Miller v. Pocono Ranch Lands Prop. Owners Ass’n Inc., 2014 U.S. App. LEXIS 3191 (2d Cir. Feb. 21, 2014):
Pro se appellant Marlene Miller appeals the District Court's order dismissing her third amended complaint under Rule 12(b)(6) of the Federal Rules of Civil Procedure. We have jurisdiction under 28 U.S.C. § 1291 and exercise a plenary standard of review. See Fleisher v. Standard Ins. Co., 679 F.3d 116, 120 (3d Cir. 2012). For the reasons set forth below, we will affirm the District Court's judgment.

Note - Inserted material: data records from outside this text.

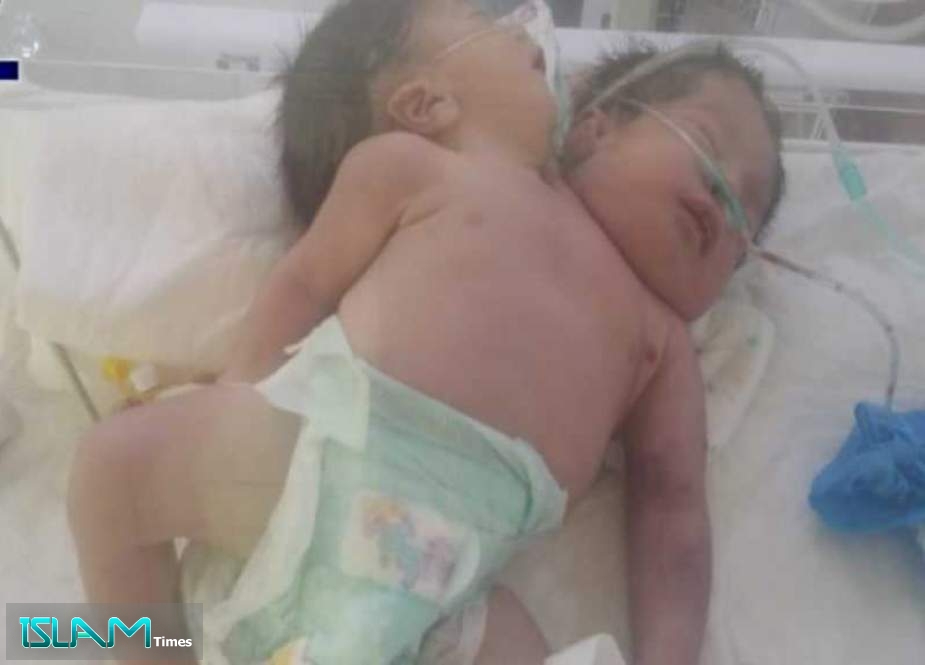 Yemeni Conjoined Twins Die Due to Airport Closure, UN Negligence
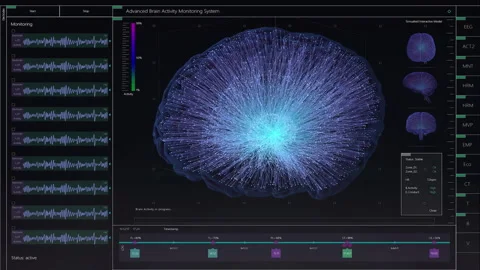 Brain Scan Mockup | Stock Video | Pond5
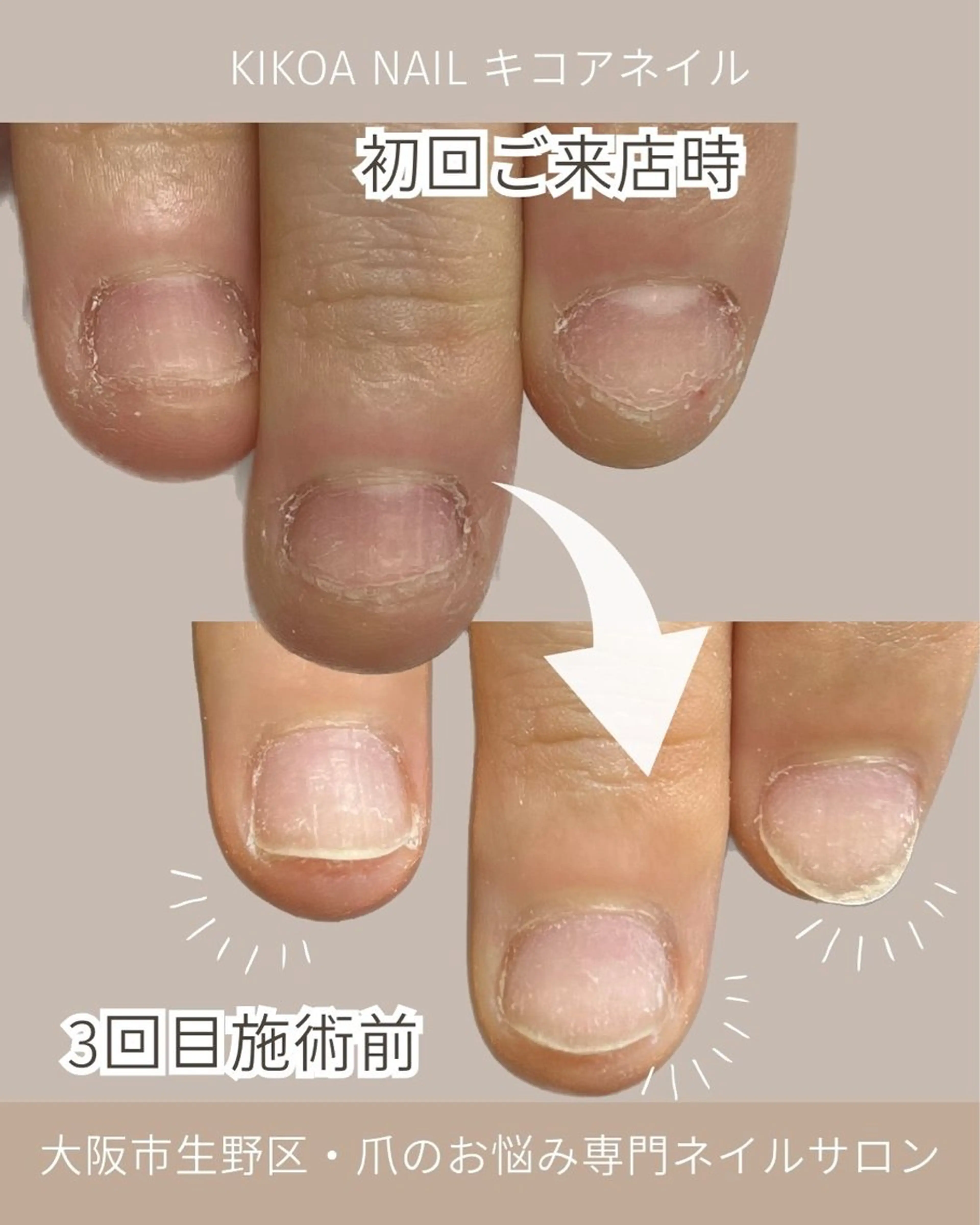 ネイル KIKOA NAIL キコアネイルのネイルデザイン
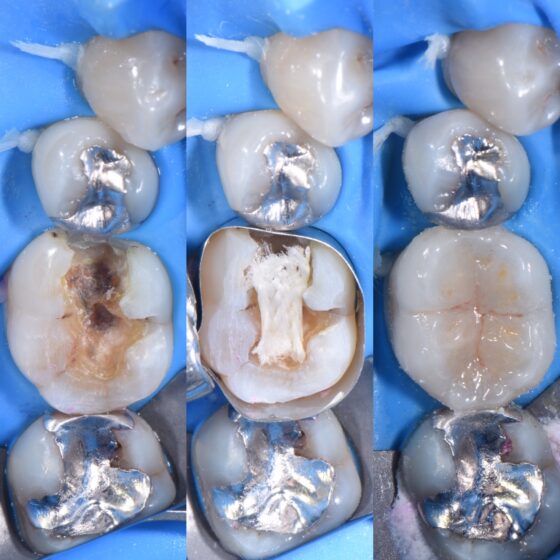 宇部市歯医者ブログ　ラバーダム防湿下で歯の神経を残すセラミック治療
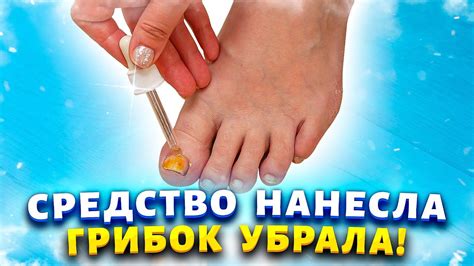 Масло бергамота от грибка ногтей отзывы: состав, свойства, рецепты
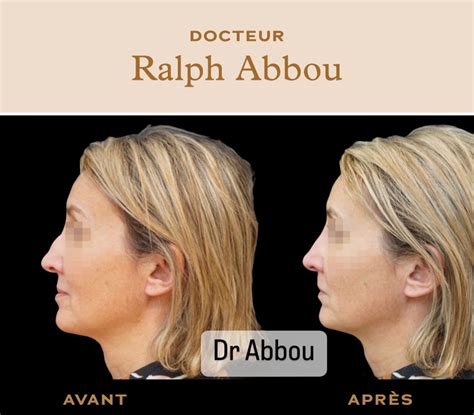 Rhinoplastie médicale Paris Dr Ralph Abbou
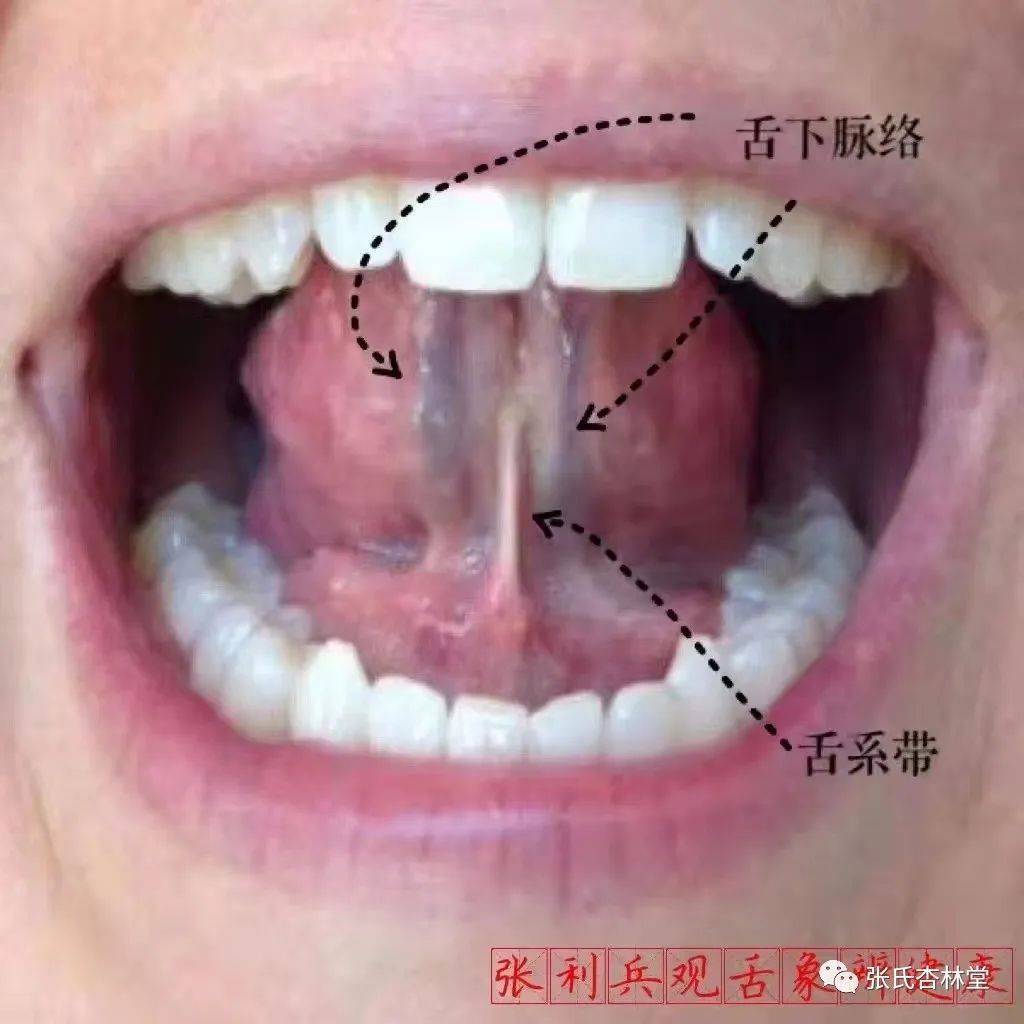 在这个在解剖学来说的话称之为舌下二府,我们中医有两个穴位,也就是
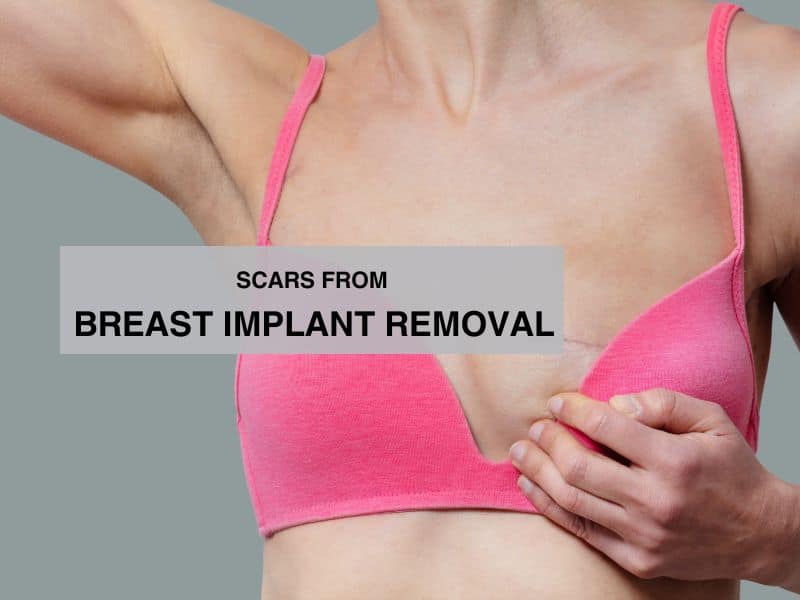 scars from breast implant removal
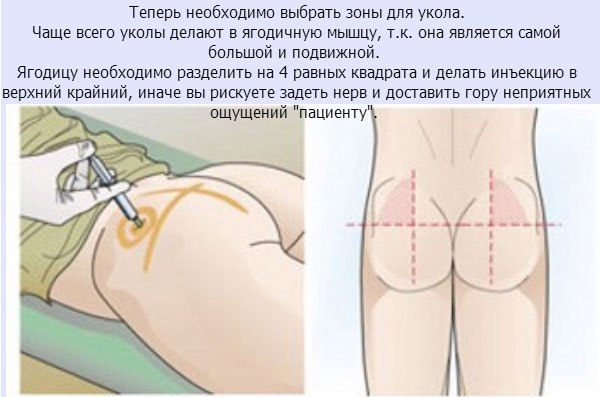 Инъекции новорожденным: как сделать укол младенцу
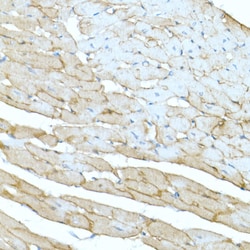 Invitrogen Dystrophin Polyclonal Antibody 100 &mu;L; Unconjugated:Antibodies,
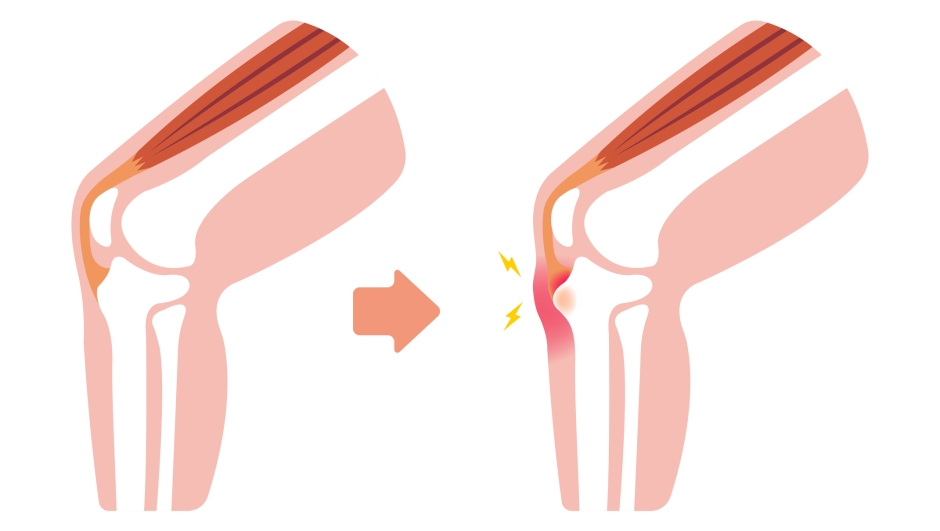 Morbo di Osgood-Schlatter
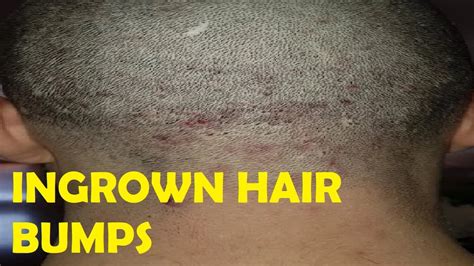 The Basics of Unwanted Hair Bumps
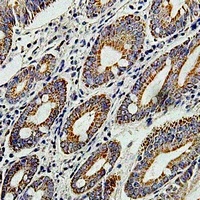 TNNC2 Rabbit Polyclonal Antibody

This case concerns a land dispute. In 2010, Miller acquired a parcel of property from her aunt, Maria Grusha. That property is located within the Pocono Ranch Lands Property Owners Association Inc. ("the Association"). Miller's third amended complaint — the operative complaint in this appeal — alleges that the Association, the individuals who control it, and certain Lehman Township officials (collectively, "the defendants") have acted improperly in the following ways: (1) they have failed to recognize that Miller's property is deeded commercial, not residential; (2) they have sent fee and assessment bills to her; (3) they denied her request for a variance that would have allowed her to use the property for commercial purposes; and (4) by placing an easement on the property and refusing to allow her to use the property for commercial purposes, they have effectively taken the property. Based on these allegations, she asserted numerous federal and state claims.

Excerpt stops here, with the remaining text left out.